- Occupations: Professor, academic, reporter

Academic background
- Alma mater: Harvard University (BA, PhD)

Academic work
- Discipline: International Relations
- Sub-discipline: International security, human rights, international justice, international law
- Institutions: Princeton University

= Gary J. Bass =

American professor of politics and international affairs

Gary Jonathan Bass is an American historian, academic, and author, specializing in international security, international law, and human rights. He is the William P. Boswell Professor of World Politics of Peace and War at Princeton University, where he has taught since 1999. Bass earned his Bachelor of Arts and PhD from Harvard University, where he wrote for The Harvard Crimson. He has authored four books, including The Blood Telegram: Nixon, Kissinger, and a Forgotten Genocide, a Pulitzer Prize finalist. His most recent work, Judgment at Tokyo: World War II on Trial and the Making of Modern Asia, has received widespread acclaim and was shortlisted for major literary awards. Bass has also contributed to numerous publications, including The New York Times and The Economist.

== Early life and education ==
Bass graduated from Harvard University in 1992 with a Bachelor of Arts. While at Harvard, he wrote for The Harvard Crimson. After college, he worked as a reporter for The Economist doing journalism in Washington, D.C.' He went back to Harvard for graduate education, receiving a PhD in 1998.' He was a fellow at Harvard’s Center for International Affairs.

== Academia and awards ==
Bass has taught at Princeton University since 1999 and is the William P. Boswell Professor of World Politics of Peace and War professor since 2023. He specializes in international security, international law and human rights and teaches politics and international relations.

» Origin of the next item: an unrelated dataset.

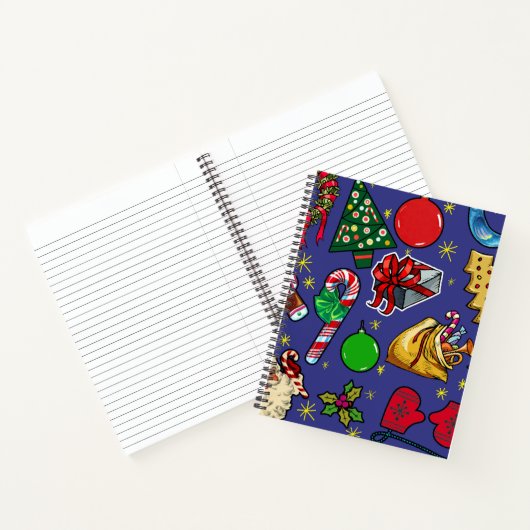 Retro Kerst  Kleurrijk Blauw Rood Groen Notitieboek (Binnen)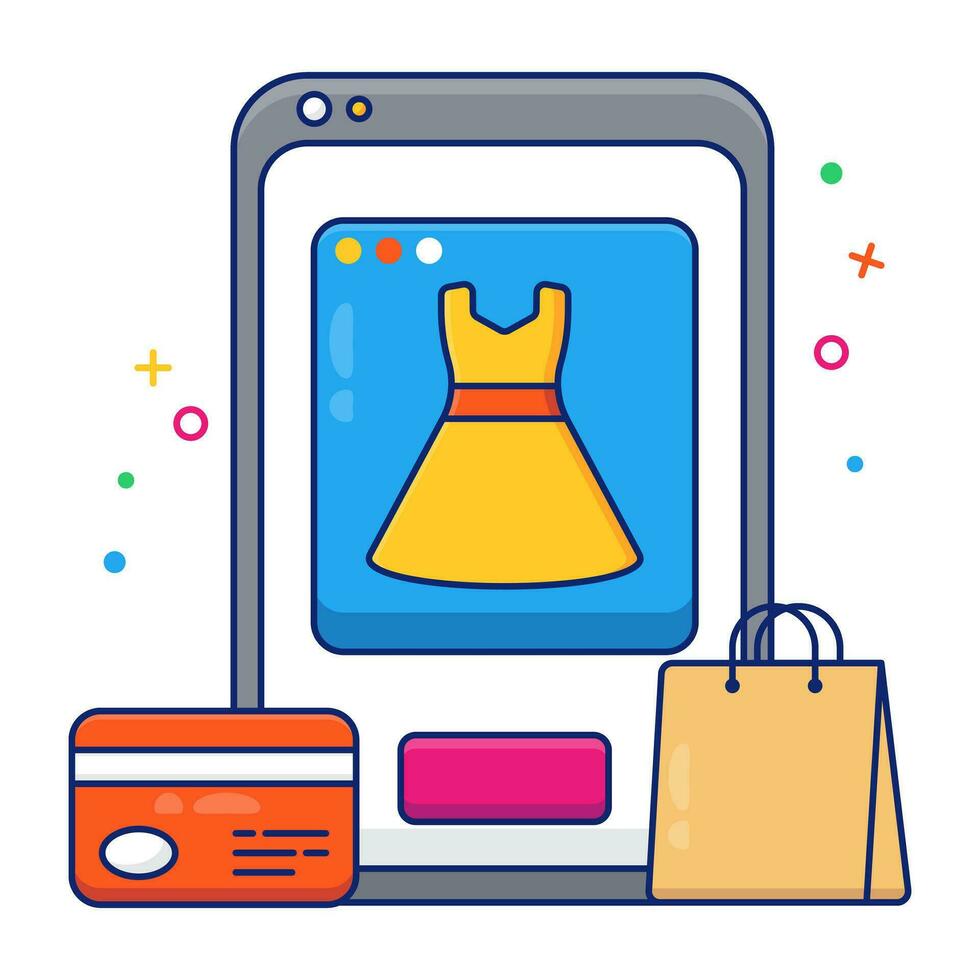 vestido dentro Smartphone, ícone do Móvel compras Forma de pagamento vetor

Bass has authored four books. His first book, Stay the Hand of Venegeance: The Politics of War Crimes Tribunals, was published in 2000. Published in 2008, his second book, Freedom's Battle: The Origins of Humanitarian Intervention, was placed on The New York Times 100 Notable Books of 2008 and The Washington Post's Best Books of 2008.

Published in 2013, his third book, The Blood Telegram: Nixon, Kissinger, and a Forgotten Genocide, covered the 1971 Bangladesh Genocide. The book received critical aclaim, becoming a Pulitzer prize non-fiction finalist in 2014. It was also award the Arthur Ross Book Award from the Council on Foreign Relations, the Lionel Gelber Prize, the Cundill Prize in Historical Literature, and the 2013 Ramnath Goenka Award.

Bass published his fourth book, Judgment at Tokyo: World War II on Trial and the Making of Modern Asia in 2023. It was placed on best books lists for The New York Times, The Washington Post, The New Yorker, The Economist, Foreign Affairs, and other publications. It was placed on the Cundill Prize Shortlist and the Baillie Gifford Prize Longlist; it was a Mark Lynton History Prize Finalist.

== Other work ==
He has written for The New York Times, The New Yorker, The Washington Post, The Atlantic, The Los Angeles Times, The Boston Globe, Foreign Affairs, and other publications.

== Bibliography ==

=== Books ===
- Bass, Gary (2023). "Judgment at Tokyo: World War II on Trial and the Making of Modern Asia"
- Bass, Gary (2013). "The Blood Telegram: Nixon, Kissinger, and a Forgotten Genocide"
- Bass, Gary (2008). "Freedom's Battle: The Origins of Humanitarian Intervention"
- Bass, Gary (2000). "Stay the Hand of Vengeance: The Politics of War Crimes Tribunals"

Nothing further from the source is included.